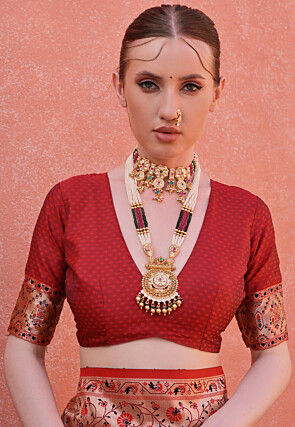 Paithani Saree in Black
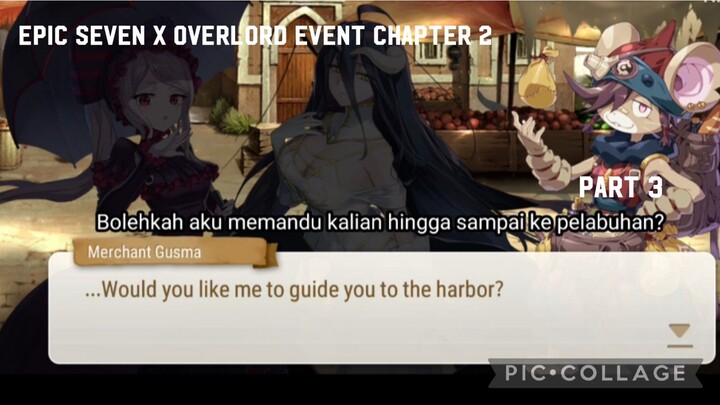 Epic Seven X Overlord Event Chapter 2 Part 3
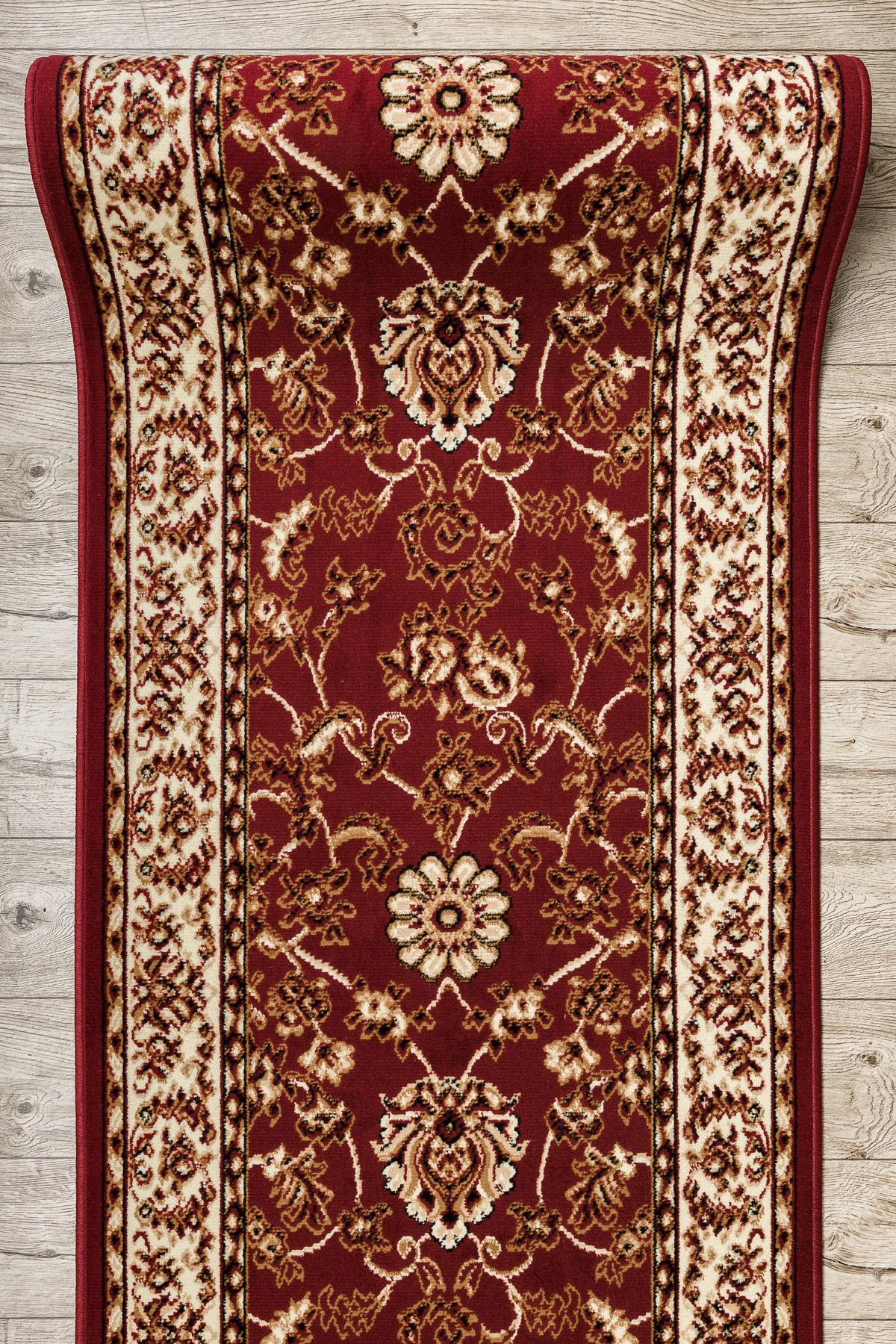 LÄUFER BCF MORAD 120/100 cm - Rot, Textil (120/100cm) - rugsX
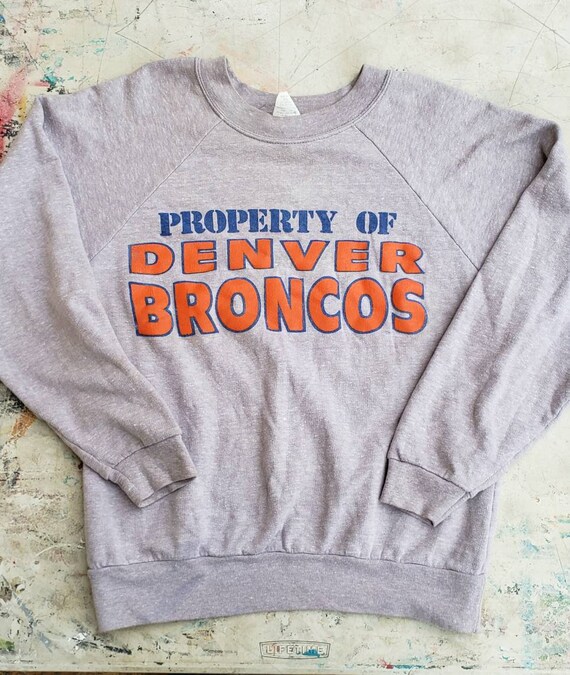 property of denver broncos hoodie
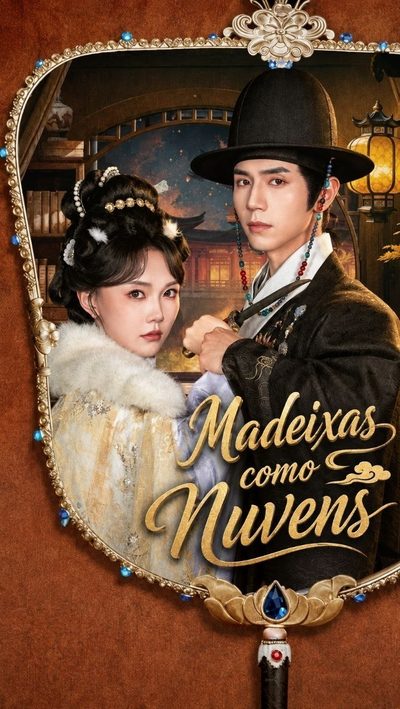 Capa da minissérie ☄️ Madeixas Como Nuvens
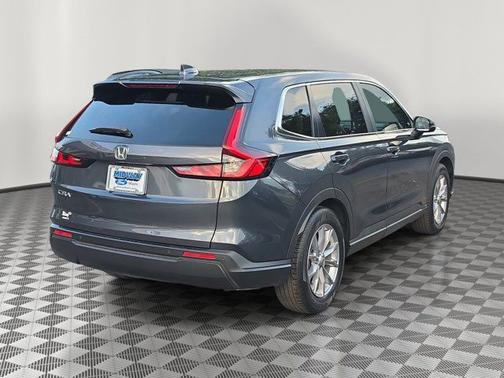 Gray 2025 Honda CR-V EX-L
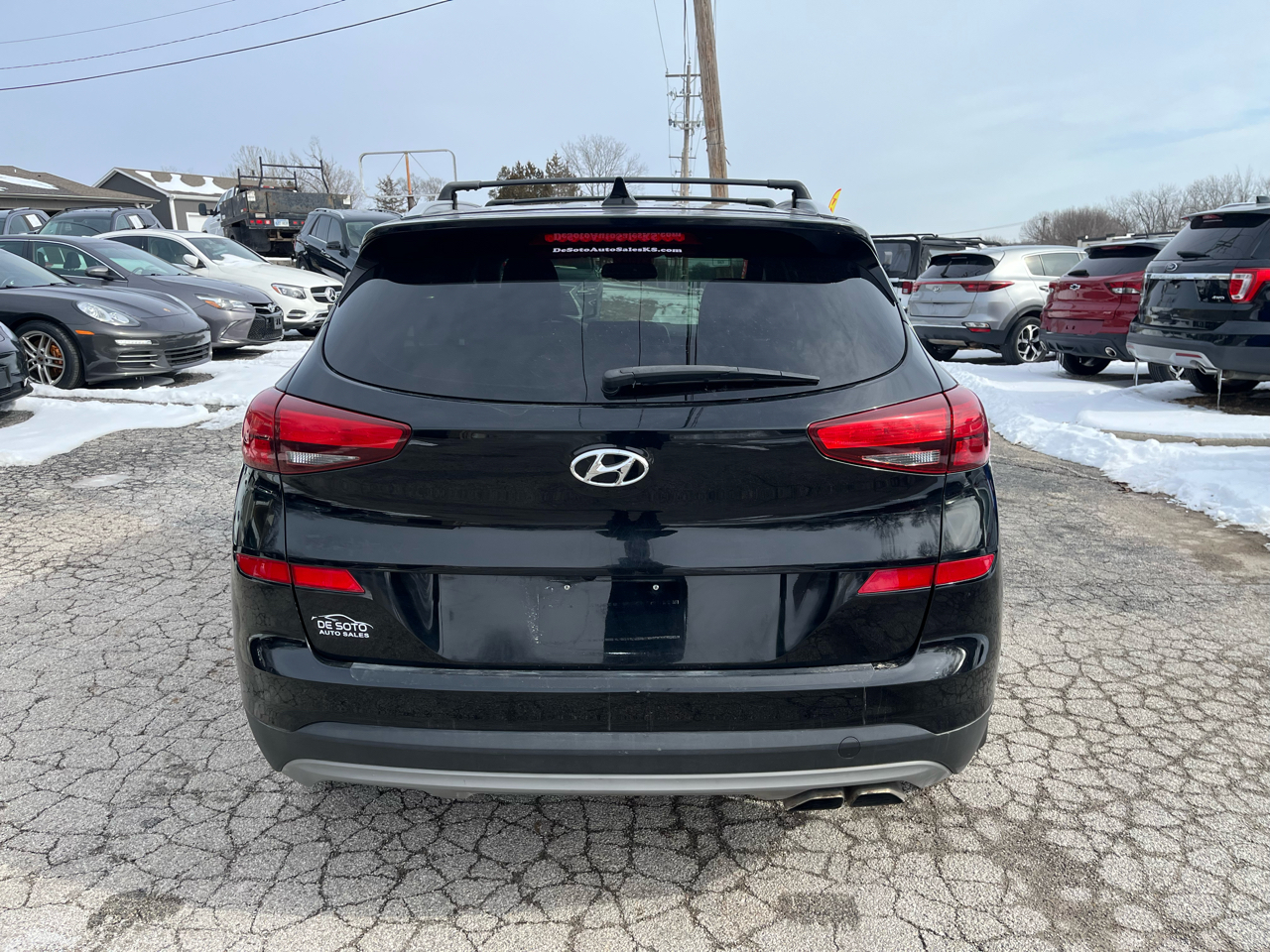 Hyundai Tucson Limited 2019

□ □ □ □ □ □ □

WHAT IS REQUIRED: Please retype the material above exactly, and omit its images.

RESPONSE TO THIS EXERCISE:
 Paithani Saree in Black
 Epic Seven X Overlord Event Chapter 2 Part 3
 LÄUFER BCF MORAD 120/100 cm - Rot, Textil (120/100cm) - rugsX
 property of denver broncos hoodie
 Capa da minissérie ☄️ Madeixas Como Nuvens
 Gray 2025 Honda CR-V EX-L
 Hyundai Tucson Limited 2019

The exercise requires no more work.